## Task details:
Repeat the data as given. Images do not go in the copy.

## Given data:
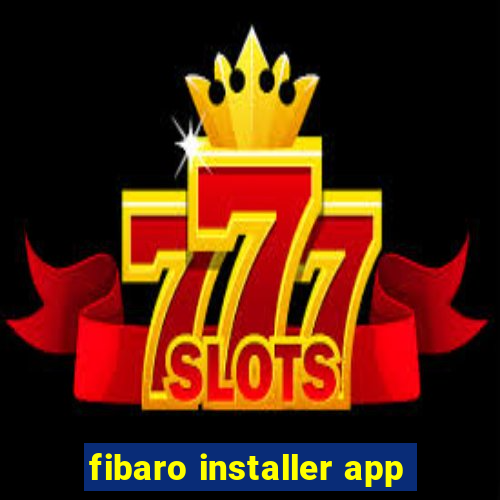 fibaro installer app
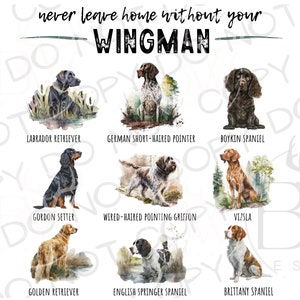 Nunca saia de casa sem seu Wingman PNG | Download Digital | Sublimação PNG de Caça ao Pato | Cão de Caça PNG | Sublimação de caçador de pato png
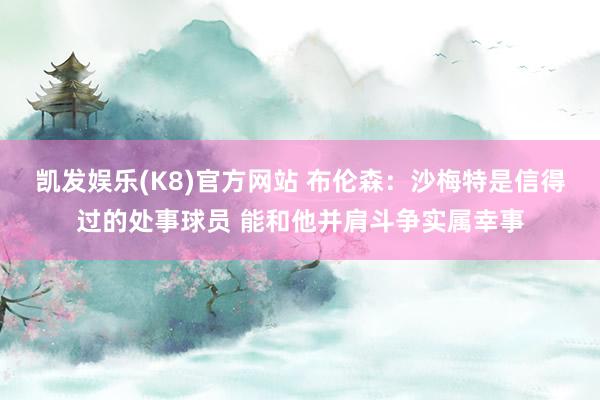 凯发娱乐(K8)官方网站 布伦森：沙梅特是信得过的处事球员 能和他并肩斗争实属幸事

## Response area:
 fibaro installer app
 Nunca saia de casa sem seu Wingman PNG | Download Digital | Sublimação PNG de Caça ao Pato | Cão de Caça PNG | Sublimação de caçador de pato png
 凯发娱乐(K8)官方网站 布伦森：沙梅特是信得过的处事球员 能和他并肩斗争实属幸事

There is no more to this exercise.